Industry research reinforces this urgency. Data shows that 51% of consumers were shown a Google AI search overview in Chrome last month, fundamentally changing how people access information.Platform-integrated AI appears across social media, productivity tools, and messaging apps, creating entirely new consumer behaviors overnight—behaviors that don't show up in first-party analytics until they've already impacted market share.
The average smartphone user now has between 250 and 650 app interactions daily, each lasting nine seconds to two minutes, moving effortlessly from YouTube to TikTok to ChatGPT to Walmart in just a click. Most apps see only what happens within their own walls, missing the 70-80% of user time spent elsewhere.

Competitive advantage in 2026 requires continuous behavioral intelligence across the mobile ecosystem, not just within your platform. Start with weekly competitive dashboards tracking feature releases, usage spikes, and cross-platform journey patterns in your category. Organizations need visibility into emerging competitors, AI integration impacts, and shifting user behaviors in real time—monthly or quarterly reviews won't catch threats fast enough.

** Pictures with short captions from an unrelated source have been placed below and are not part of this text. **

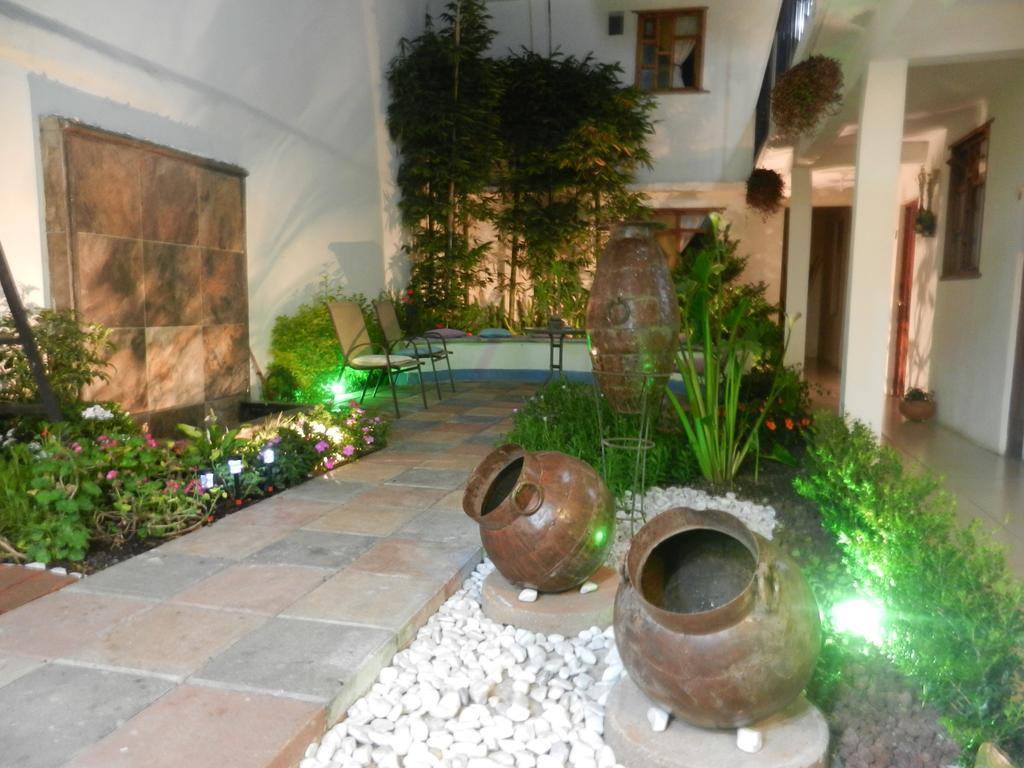 Hotel Casa Mia San Cristóbal de Las Casas Εξωτερικό φωτογραφία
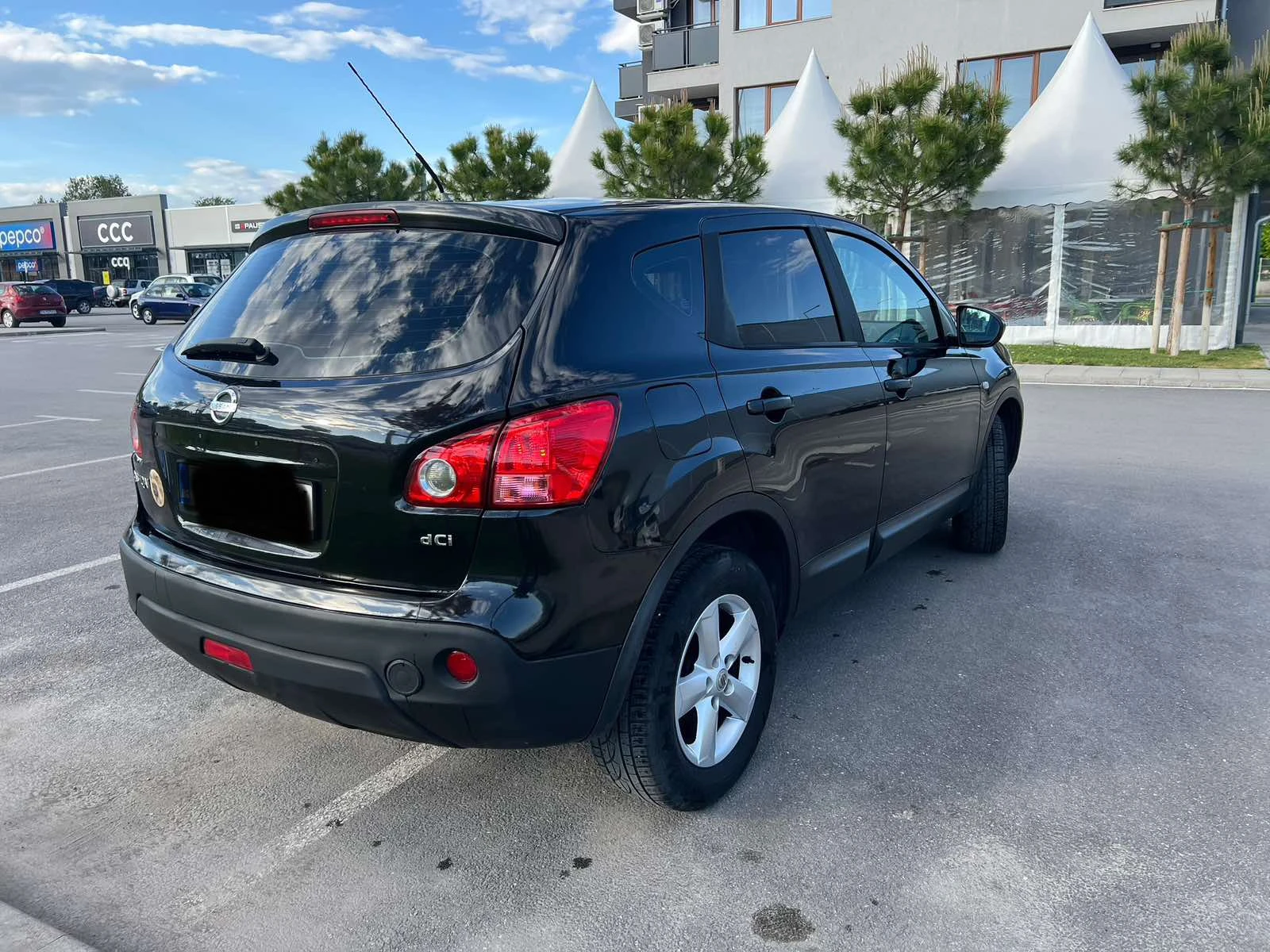 Nissan Qashqai 1.5 DCI - изображение 6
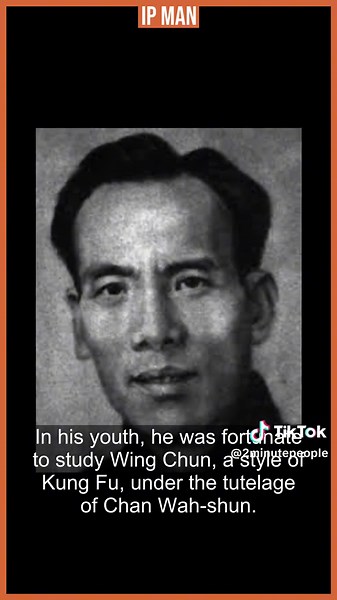 Ip Man: The Grandmaster of Wing Chun Journey into the life of Ip Man, the revered grandmaster of Wing Chun kung fu. Discover the story of this legendary martial artist who trained Bruce Lee and transformed Wing Chun into a globally recognized martial art. Explore his legacy not just as a fighter, but as a teacher and a symbol of discipline, resilience, and the philosophical depth of Chinese martial arts. Sources & More: https://en.wikipedia.org/wiki/Ip_Man #IpMan #WingChun #MartialArts #KungFu #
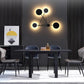 Industrial Square 35.5'' Dining Table Stone Extendable Dining Room Collection Clearhalo ' dining_table' 'Dining Tables & Seating' 'Dining Tables' 'furn' 'furn_dining_table' 'Furniture' 'furniture_dining_table' 'Kitchen & Dining Furniture' 'kitchen&dining_furn' 'kitchen' 'kitchen_dining_table' 1200x1200_ab3a39ef-5180-438a-96f3-fa2604ef2e90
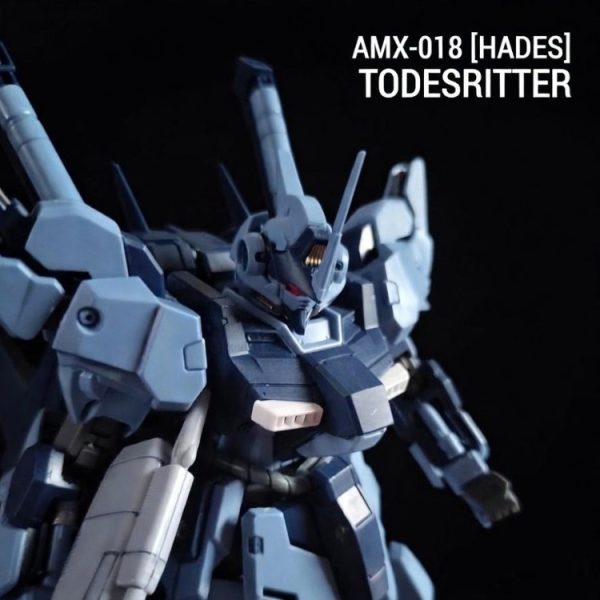 AMX-018 [HADES] TODESRITTER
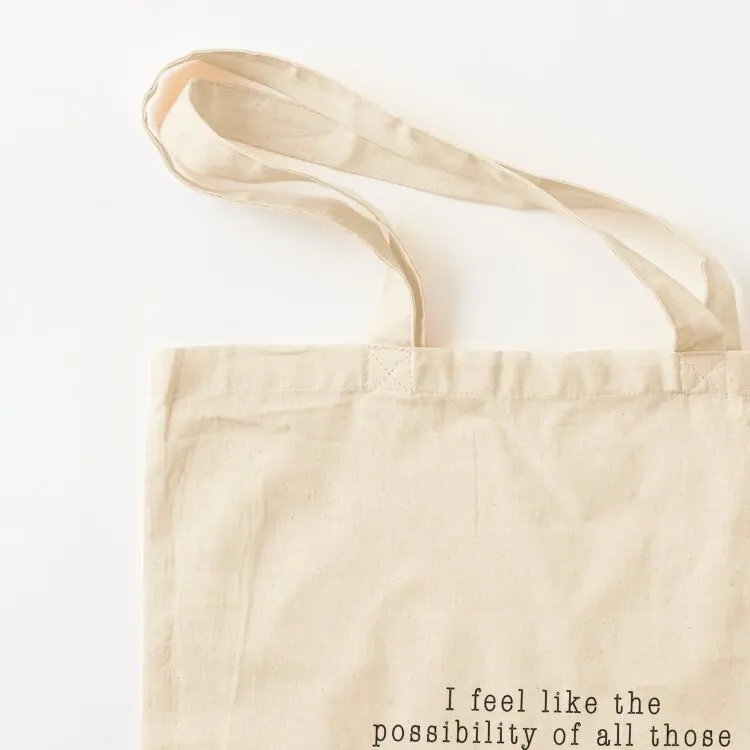 NCT Possibilities Tote Bag shopping cart bags shopper bag women canvas Handbags women canvas tote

The patterns we tracked throughout 2025 point toward a consumer landscape that rewards speed, context awareness, and behavioral intelligence over traditional advantages. Brands that will thrive combine strong first-party data with genuine visibility into consumer behavior across the entire app ecosystem.
The question isn't whether your category will experience AI-driven disruption or new competitive threats from unexpected sources. The question is whether you'll see these shifts early enough to respond strategically rather than reactively.